11Upon my consideration of the material and after hearing submissions by the parties, I expressed my concern to Mr Evans about the state of the material and the manner in which it had been produced to the Court. I suggested that, at most, I might be prepared to adjourn the application for perhaps one week to allow the defendants to file further material which might provide the Court with some degree of confidence that the National Australia Bank would approve the loan sought and advance the funds so that settlement of the sale could occur within the period of three weeks requested for the stay of execution.

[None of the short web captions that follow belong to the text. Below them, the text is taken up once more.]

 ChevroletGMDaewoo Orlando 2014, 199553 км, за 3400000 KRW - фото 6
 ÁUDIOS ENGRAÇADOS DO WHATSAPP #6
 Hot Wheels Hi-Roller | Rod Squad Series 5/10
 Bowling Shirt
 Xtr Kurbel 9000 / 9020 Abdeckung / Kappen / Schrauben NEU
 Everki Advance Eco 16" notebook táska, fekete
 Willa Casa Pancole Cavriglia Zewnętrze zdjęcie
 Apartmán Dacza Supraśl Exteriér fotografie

12Mr Evans informed me that essentially the matters he would rely upon for a shorter stay were the matters he had advanced in relation to the application. He submitted that no prejudice would be suffered by the plaintiff if the stay were granted and that the stay would allow the first defendant as vendor and the trustee of the property trust as purchaser to settle the contract of sale and for the plaintiff to be paid in full.

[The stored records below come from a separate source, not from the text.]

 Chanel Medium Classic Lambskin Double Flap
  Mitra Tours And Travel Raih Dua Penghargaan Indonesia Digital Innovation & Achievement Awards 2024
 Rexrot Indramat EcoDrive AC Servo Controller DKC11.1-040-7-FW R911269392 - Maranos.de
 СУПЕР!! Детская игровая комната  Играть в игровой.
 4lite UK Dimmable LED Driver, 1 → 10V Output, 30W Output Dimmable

13I consider that the application should be refused and no further time should be allowed for the defendants to supplement their material. I rely upon the following matters:

a.the contract of sale, whilst probably reflecting a genuine transaction, is illusory. It has no completion date and no provision for the payment of a deposit. It is difficult to see how it could be enforced by either party;

b.if the “real” agreement between the parties to the contract of sale were clarified, the purchaser would be purchasing as trustee for the property trust. However, one would assume that the purchase would be conditional upon the grant of finance by the bank, and if this were limited to the period of three weeks for a settlement to occur, that the contract would not be able to be enforced by the vendor at the expiration of that period;

c.presumably, the unit holders who have not made their contributions for the units, have not done so pending the approval of finance or them being in the position to actually pay, “or cause to be paid” their contribution;

d.a number of aspects of the “proposal” to the bank are questionable, for example, the reliance upon the cash flow from the tenancy agreement with the second defendant’s accountancy company, the financial details provided by Mr and Mrs Satorre and the expressed “distancing” of the second defendant from the application;

e.in the final analysis, there is no material, including the mortgage broker’s statement in the email to the second defendant on 20 February that “a lender is conceptually content and keen to pursue the application”, which would suggest that the plaintiff will be paid from the settlement of the contract for the sale of the properties within three weeks of 21 February 2014 when the defendants’ solicitor swore his affidavit.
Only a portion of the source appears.